If you are planning on buying a house soon, you have realized that there are more decisions to make than just “What house?”.
You will need to decide how you plan on financing the loan. The two main options that are usually presented to you are a 15-year mortgage and the 30-year mortgage. A 15-year mortgage has many benefits; APR rates are lower, you pay substantially less interest, and payments stop 15 years early! This is all off-set by paying more monthly.
Here is the questions you need to ask yourself:
Can you easily afford the payments of the 15 year mortgage?

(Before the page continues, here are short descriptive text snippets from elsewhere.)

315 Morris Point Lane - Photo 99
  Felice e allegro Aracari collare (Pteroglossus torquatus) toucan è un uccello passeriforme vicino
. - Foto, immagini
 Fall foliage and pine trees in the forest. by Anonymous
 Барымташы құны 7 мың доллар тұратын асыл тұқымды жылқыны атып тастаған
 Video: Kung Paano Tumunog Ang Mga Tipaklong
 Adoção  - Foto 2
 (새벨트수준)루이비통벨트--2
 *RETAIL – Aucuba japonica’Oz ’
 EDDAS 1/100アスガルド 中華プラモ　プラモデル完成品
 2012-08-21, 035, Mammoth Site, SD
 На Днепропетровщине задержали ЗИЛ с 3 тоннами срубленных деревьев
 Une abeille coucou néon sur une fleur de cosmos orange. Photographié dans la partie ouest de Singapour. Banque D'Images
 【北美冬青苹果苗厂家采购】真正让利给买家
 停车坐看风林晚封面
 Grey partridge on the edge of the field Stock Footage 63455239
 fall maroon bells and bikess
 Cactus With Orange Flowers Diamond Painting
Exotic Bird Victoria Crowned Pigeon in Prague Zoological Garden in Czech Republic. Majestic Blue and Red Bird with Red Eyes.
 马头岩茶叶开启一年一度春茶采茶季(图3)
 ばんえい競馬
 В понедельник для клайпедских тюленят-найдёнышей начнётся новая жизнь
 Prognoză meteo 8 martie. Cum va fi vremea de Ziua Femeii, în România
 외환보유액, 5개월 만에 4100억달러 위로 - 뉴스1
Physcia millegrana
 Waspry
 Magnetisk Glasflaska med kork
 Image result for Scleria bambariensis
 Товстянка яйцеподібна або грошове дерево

If you take out a 15 year mortgage, would you have enough cash on hand to keep up with your lifestyle without building debt at higher interest rates on credit cards, student loans, car loans, etc?
Do you feel like your financial situation won’t change in the next 15 years?
Examples: Are you planning on having children? Will a 2-income household become a 1-income household if you do have children?
Many people take out a 30-year mortgage and plan on making extra principal payments every month so that it will be paid off in 15-years or so. This gives them the historically low fixed rate for a longer time and is easier to pay in months of financial crisis. However studies show that the average household doesn’t have the perseverance to continuously pay off extra each month.
Are you retiring soon?
The average age of a person taking out a 15-year mortgage is 40 years old according to USAToday.com. These people are closer to retiring and don’t want to be paying a mortgage into retirement.
Are you an investor, or want to be?
Some still choose a 30-year mortgage even if they can easily afford a 15-year mortgage. This is because it is “cheap money”. Today’s mortgage rates are low enough that many choose to invest their extra income into stocks, bonds, mutual funds, etc., because the average annual return on their investment is higher than what they are paying in interest. This is a perfectly legitimate strategy, however, it is not without risk! Especially after the recent recession, many feel having the deed to their house framed on their wall is priceless!